Cytochrome p450 Genotyping
Does Not Apply to Commercial Genetic Testing Program effective 6/1/2018
Drug efficacy and toxicity vary substantially by individual. Because drugs and doses are typically adjusted, if needed, by trial and error, clinical consequences may include a prolonged time to optimal therapy. Pharmacogenomics is the study of how an individual’s genetic inheritance affects the body's response to drugs. It has been investigated as a tool in predicting therapeutic failures or severe adverse drug reactions. Pharmacogenetics tests for DNA sequence variations in drug metabolizing enzymes, drug receptors, and drug transporters. Potentially the identification of significant polymorphisms could be used to improve efficacy and safety of drug choice and /or dosage.

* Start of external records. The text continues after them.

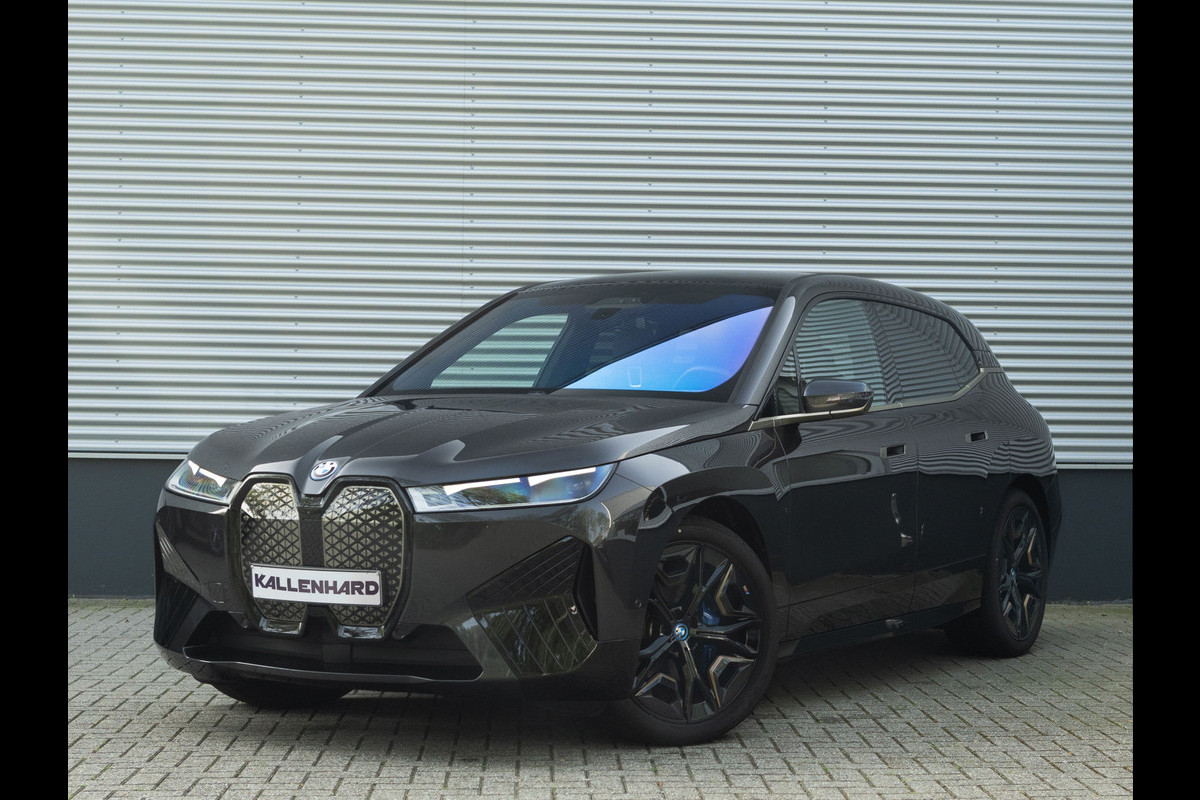 BMW iX xDrive40 - Sportpakket - Pano - Trekhaak - Soft Close - Driving Ass Prof - Lasers BMW iX xDrive40 - Sportpakket - Pano - Trekhaak - Soft Close - Driving Ass Prof - Lasers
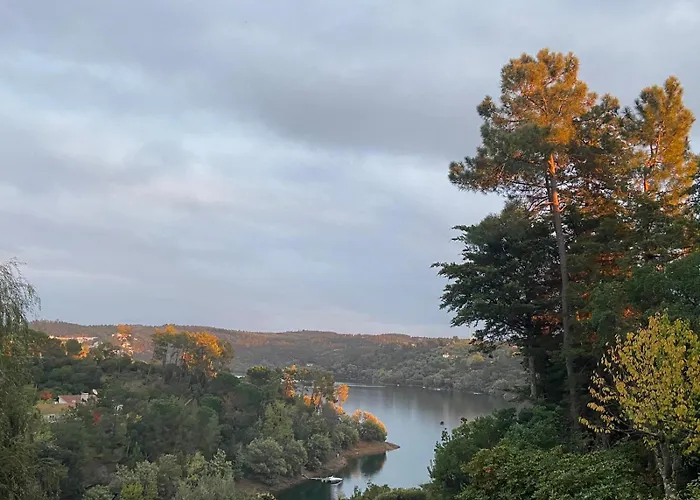 Quinta Do Troviscal مزرعة للإقامة كاستيلو دو بودي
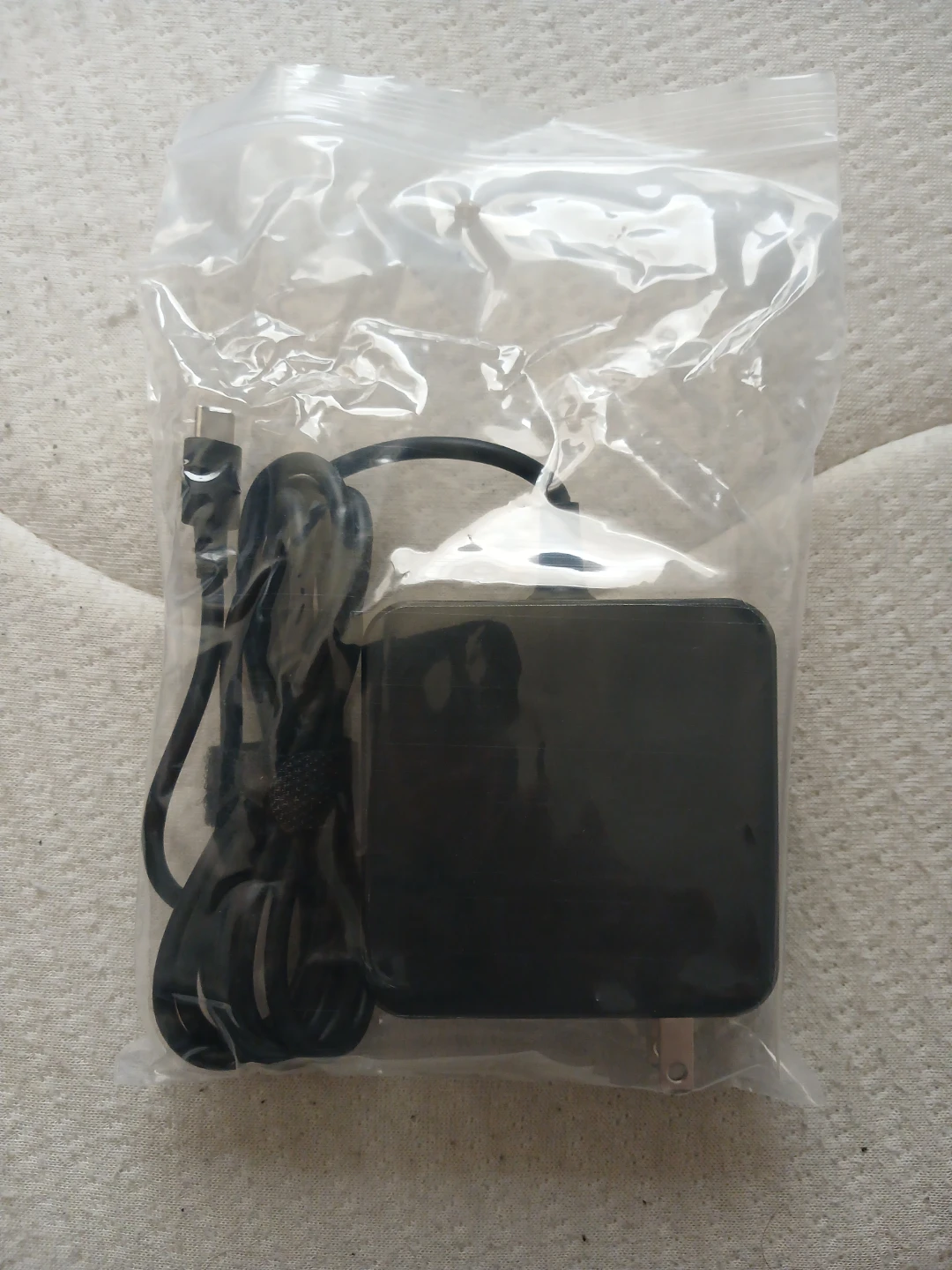 USB-C Professional Fast Charging Power Adapter - photo 5
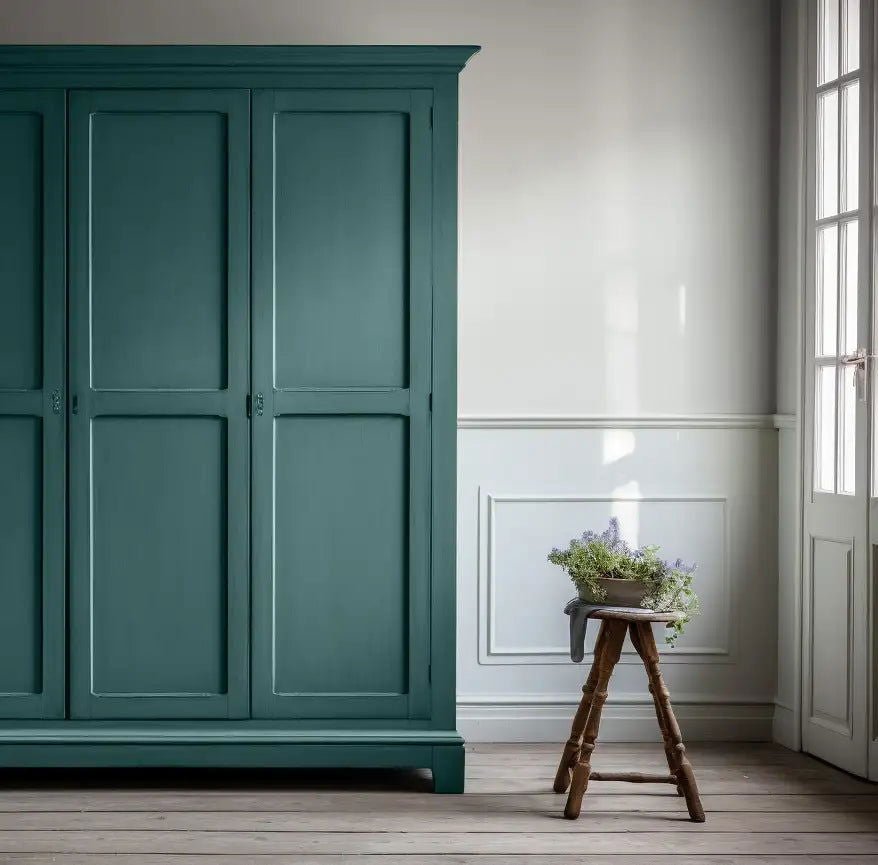 Sapphire - Painting the Past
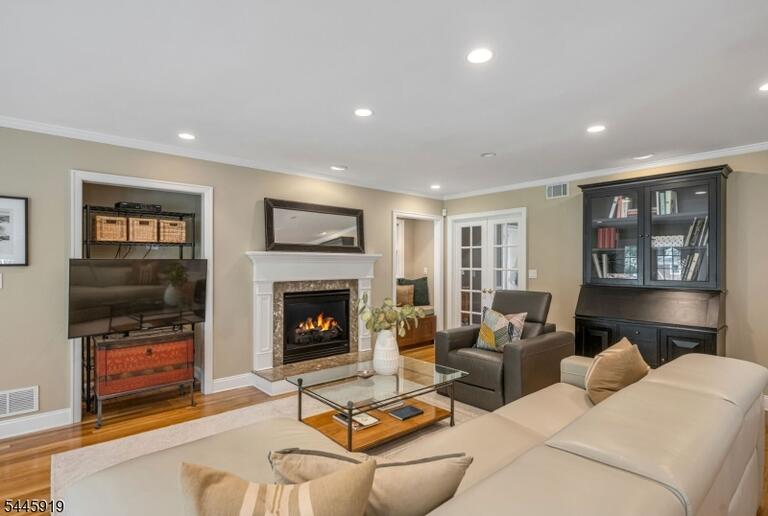 Property listing MLS 4041161 photo 12
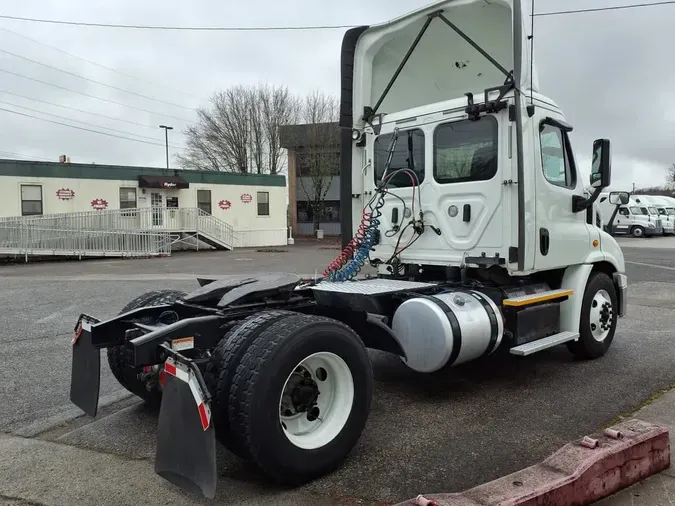 2018 FREIGHTLINER/MERCEDES CASCADIA 1132c16683322bd8e445b09f63014c547bb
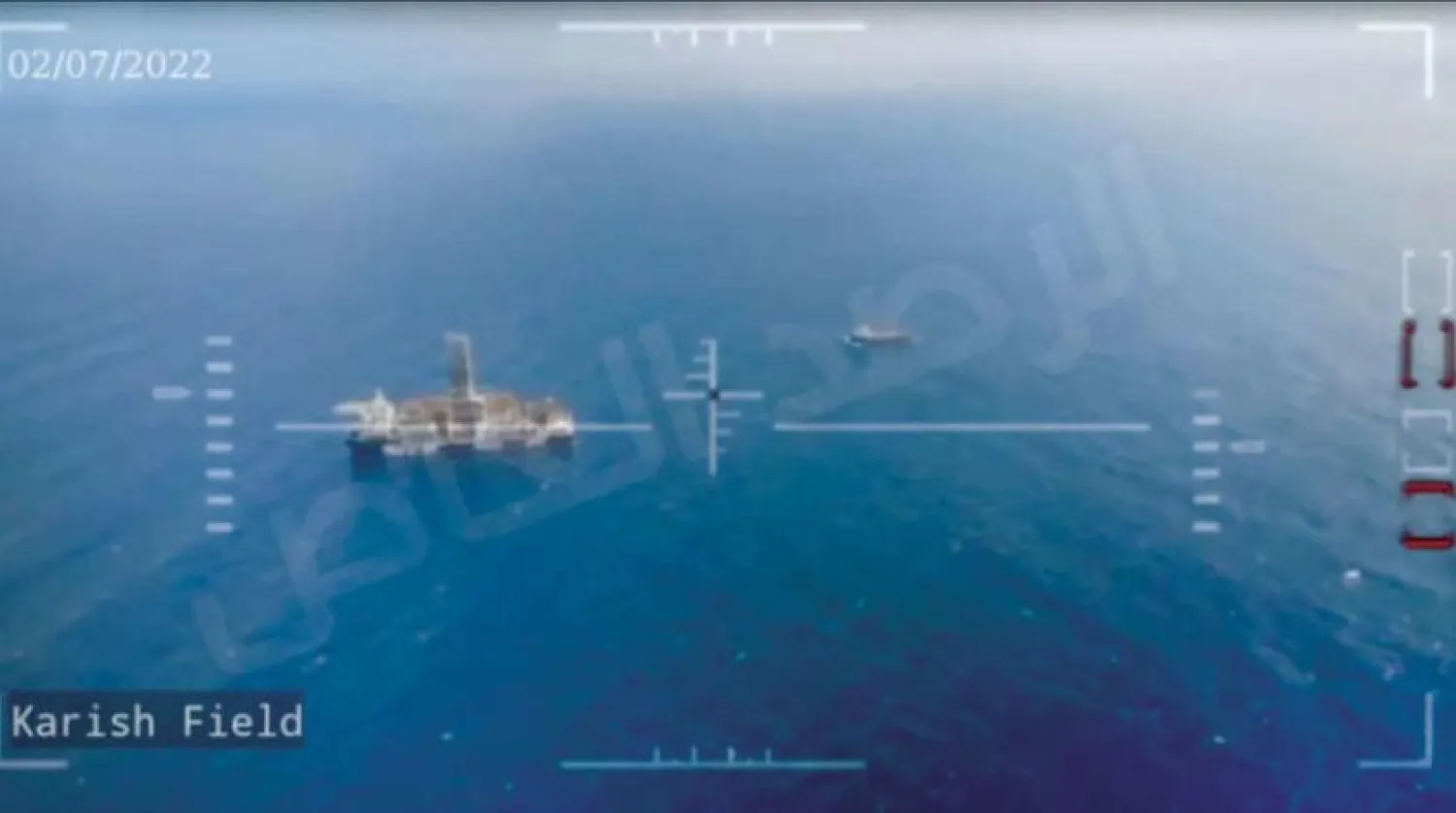 
تصویری از ویدیویی که رسانه های «حزب الله» منتشر کردند و گفتند که این ویدیو را یک پهپاد «حزب الله» بر فراز میدان گازی کاریش ضبط کرده است (فرانس پرس)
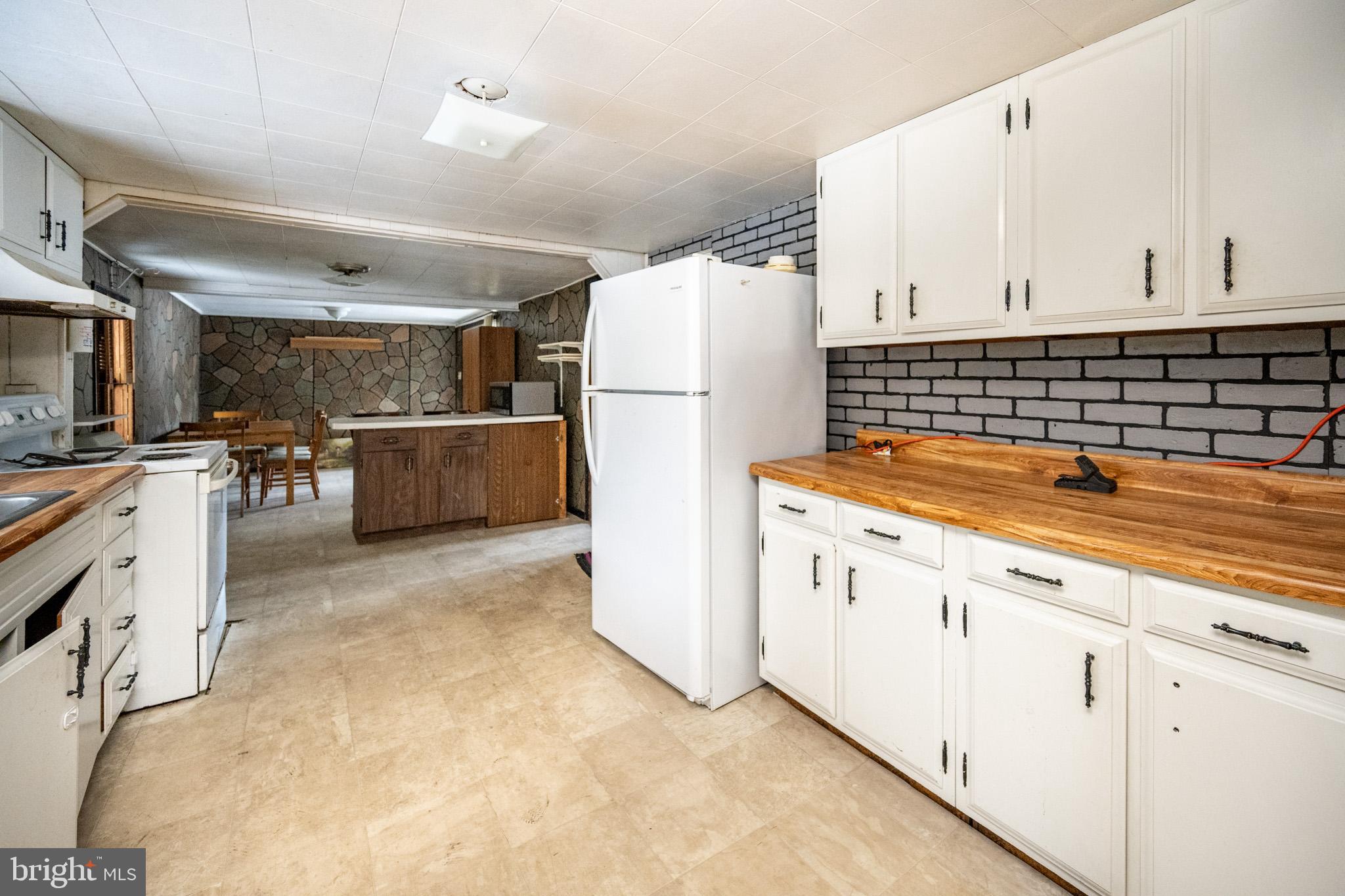 1358 Crellin Underwood Road Oakland, MD 21550 - Photo 24 of 37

The cytochrome P450 (CYP450) family is a major subset of all drug-metabolizing enzymes. Several CYP450 enzymes are involved in the metabolism of a significant proportion of currently administered drugs. CYP2D6 metabolizes approximately 25% of all clinically used medications (e.g., dextromethorphan, beta blockers, antiarrhythmics, antidepressants and morphine derivatives). CYP450 enzyme genes can have distinct variations which can affect individual capability to metabolize specific drugs. CYP450 genotyping has been proposed as a way to direct early selection of the most effective drug or dose to avoid significant adverse events and speed the process of achieving a therapeutic dose.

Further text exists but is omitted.